“San Francisco is the only city I can think of that can survive all the things you people are doing to it and still look beautiful,” said Frank Lloyd Wright. You might say the same thing about Marin, the county you enter upon crossing the Golden Gate Bridge from out of the City of Fog, where my mother moved several years ago to be with my stepdad. Arresting in its natural beauty, gratifying in its varied and delicious cuisine, shocking in its exorbitant property values, Marin ranks in the top ten nationally for median household income.
My mother’s town, like many around it, has not a little character. There’s the old colonial Spanish influence, evidenced in the mission churches and the names of some of the communities: San Rafael, Corte Madera, San Anselmo, San Geronimo. There are the ubiquitous redwood trees, which have a noticeable effect on the architecture of so many shops and houses. And there is the curious purist localism of those towns, which refuse chain stores — no McDonald’s or Starbucks for you!
But I can’t get over the many strange ways that very blue Marin — which voted for Joe Biden by more than 80 percent — reminds me of red America.
Take, for example, many towns’ dogged determination to retain their unique historical and cultural character. You see that not only in the architecture and refusal to welcome chain stores, but also in the resistance to commercial and residential development. There are places in Marin that love their old, rustic identities — and very walkable town centers — and will not countenance disruptive innovation, even if that means a loss of revenue opportunities.
This can sometimes border on the absurd. It took my stepdad, who works in construction, years (and thousands of dollars) to get all the necessary approvals to build another home on his own land. But there is something admirable, and very traditional, about the desire to preserve an older, more small-town way of life. Depending on your outlook, it makes for either a very quaint or very frustrating morning commute. If you’re driving south towards San Francisco, you’ll be dealing with crossing guards and kids on bicycles for many miles until you hit US Route 101.

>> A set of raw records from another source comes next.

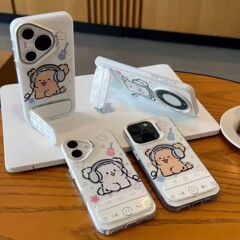 Apple 13 携帯電話ケース iPhone15/16Promax Huawei pura70 携帯電話ケースに適したミュージカル子犬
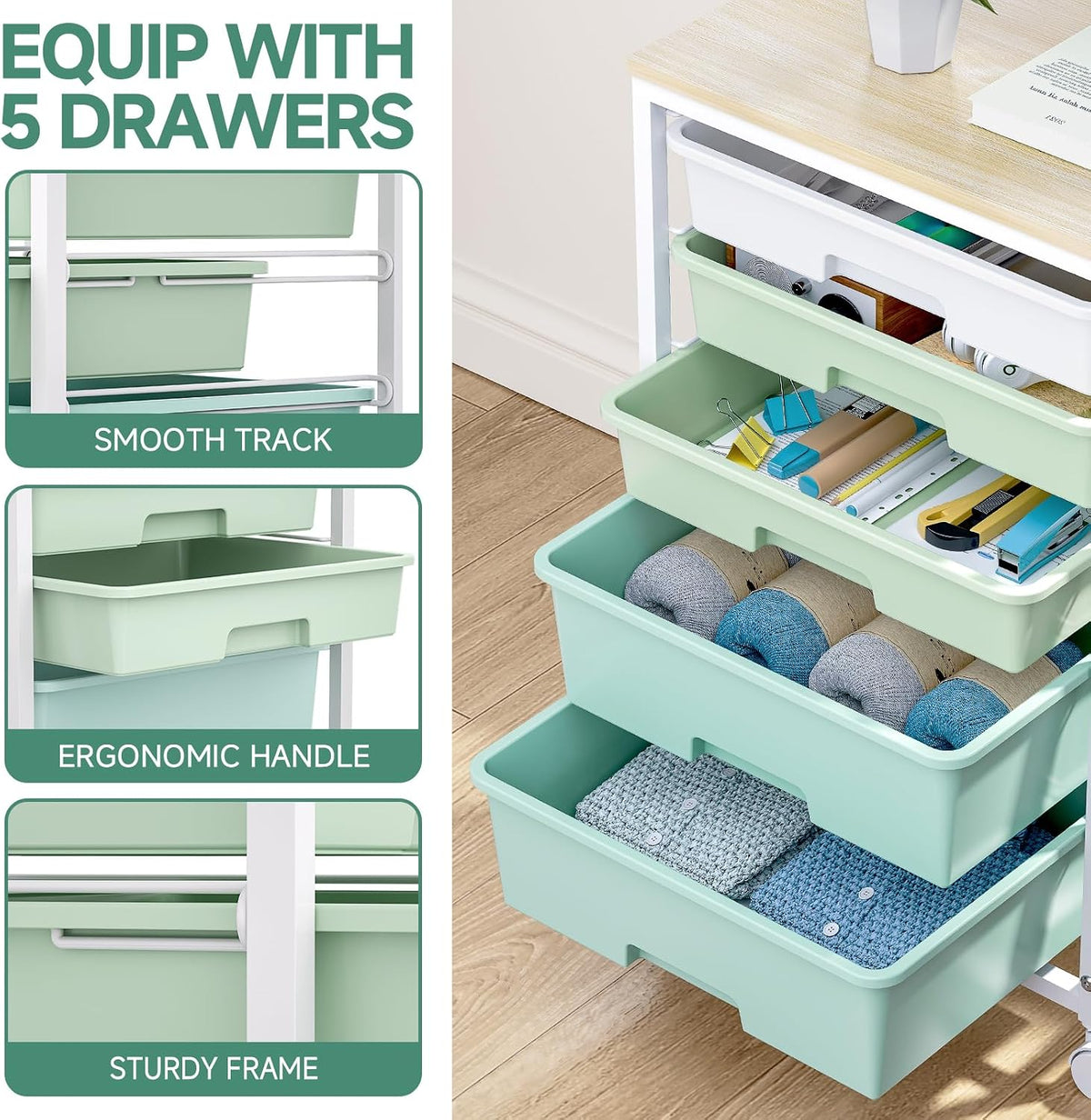 SYKIARIOL Rolling Cart with Drawers,5 Drawers Storage Cart,Light Green | 5-Tiers Utility Cart with Drawers with Lockable Wheels for Craft Organizers and Storage,Home Office,Classroom,Dorm,Playroom - Field & Nook
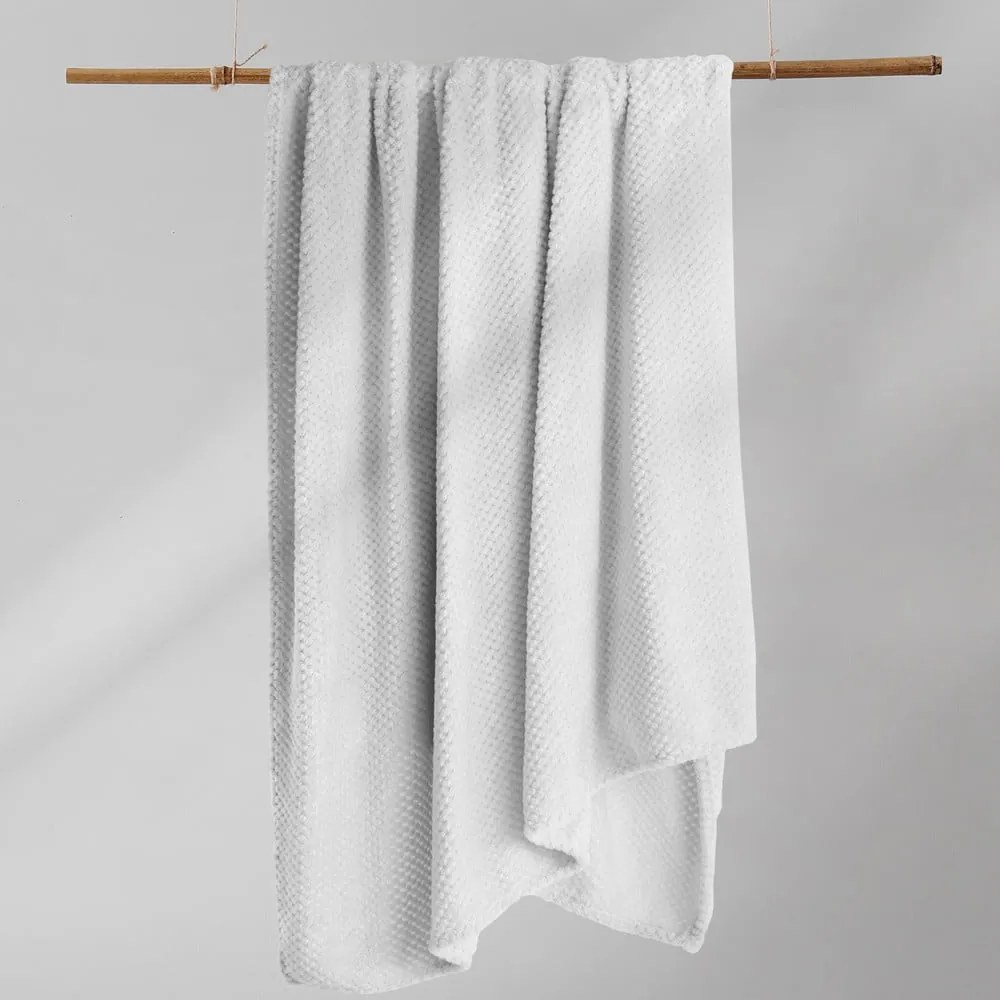 Biały koc z mikrowłókna DecoKing Henry, 150x200 cm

And boy, can Marin be far removed from the carefully manicured lawns and pristine lots of your typical bourgeois residential community. I live in one of the least pretentious subdivisions in Northern Virginia, yet one of our neighbors recently woke up to find one of their vehicles towed because a neighbor complained (it was broken down and failed a safety inspection). I have a hard time imagining that scenario in a lot of these Marin towns.
Jeff Foxworthy says the definition of a redneck is a “glorious absence of sophistication.” The houses in my mom’s Marin neighborhood have chicken coops, compost heaps, ladders, cement blocks, and dilapidated Ford Broncos. Of course, they also have wooden peace symbols, pride flags, and BLM signs out front. Nevertheless, I’m pretty sure that even with the virtue signaling, few of them would pass muster in my elitist but less liberal Northern Virginia.

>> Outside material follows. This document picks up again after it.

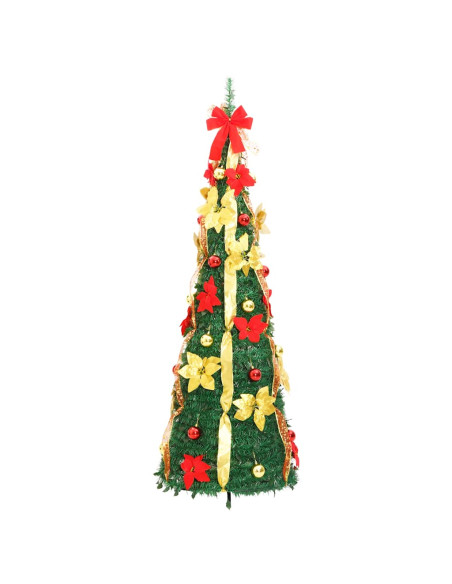 Albero di Natale Artificiale Pop-up con 50 LED Verde 120 cm
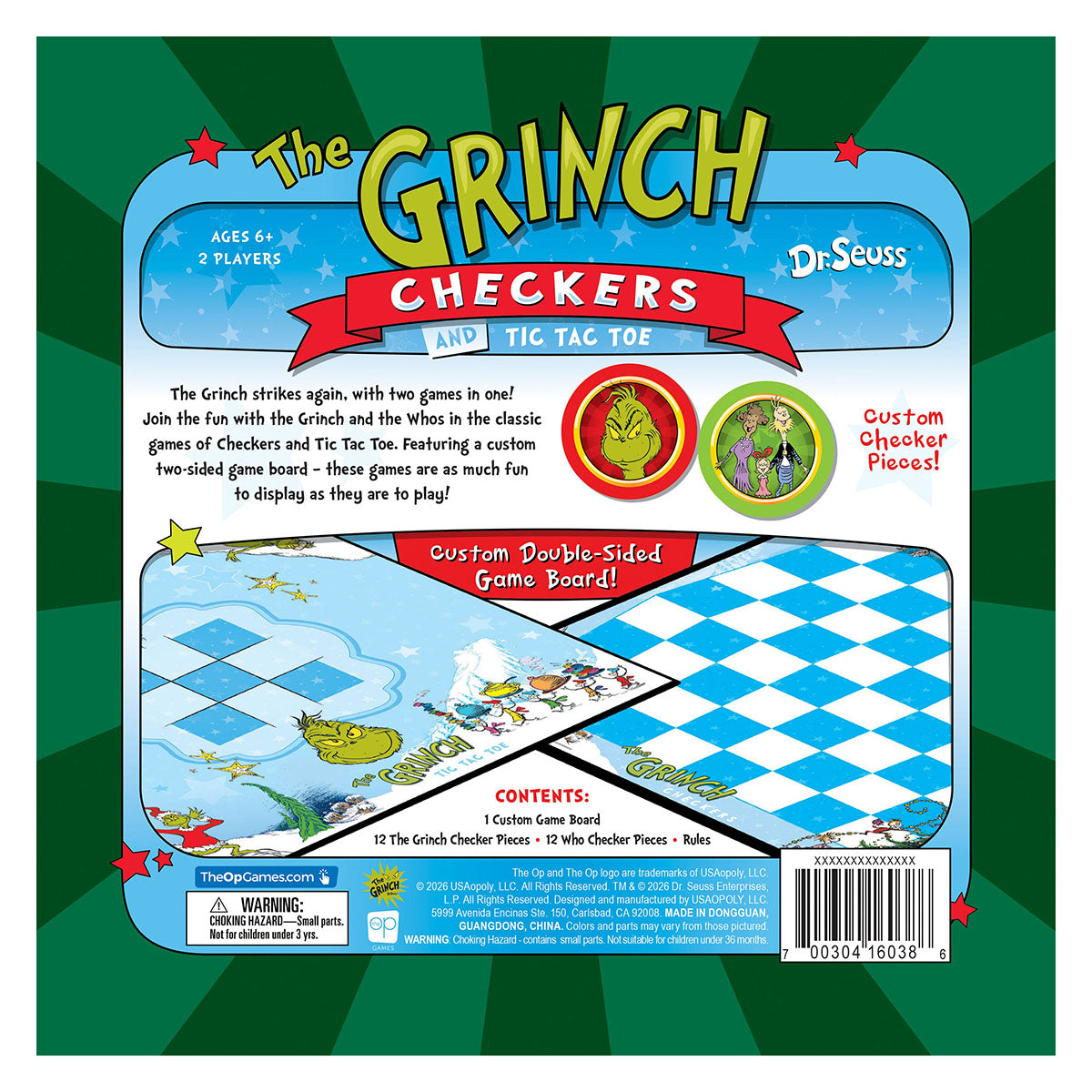 The Grinch Checkers and Tic-Tac-Toe Tin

Indeed, one of the most observable qualities in Marin is its stubborn, idiosyncratic individualism. Bumper stickers may typically be on the liberal side of things, but they are usually original (and strange). I think I saw more “Bernie” stickers than “Biden/Harris” in my mom’s town. Besides the unsurprising ubiquity of “Keep Tahoe Blue,” others voice zealous opinions about pesticides (they’re bad), charter schools (also bad), and China (don’t hate on it, man). The one on my stepdad’s truck reads: “Earth First: We Can Screw Up the Other Planets Later.” Original, no doubt, but also, admittedly, quite reasonable.
My stepfather’s brother, who also works construction, told me that many of the remote townships north of them are even more redneck, a result of Dust Bowl-era immigration from Arkansas. “Now those people are real hillbillies,” he said. Another construction worker who grew up with my stepdad recounted that one of the towns, largely populated by Seventh-Day Adventists, features a grocery store with no red meat or alcohol. “They’re actually all right,” he declared in typical California cool.
It’s hard not to admire the cute town centers in many parts of Marin, with their quirky, family-owned shops and restaurants. Yet a certain sadness overcame me visiting one of the old Catholic parishes and discovering that the church had four separate confessionals, despite the fact that it now only offers confession a couple times a week. In other words, though more than half of county residents claim no religious affiliation at all, this was not long ago a place of vibrant religious practice.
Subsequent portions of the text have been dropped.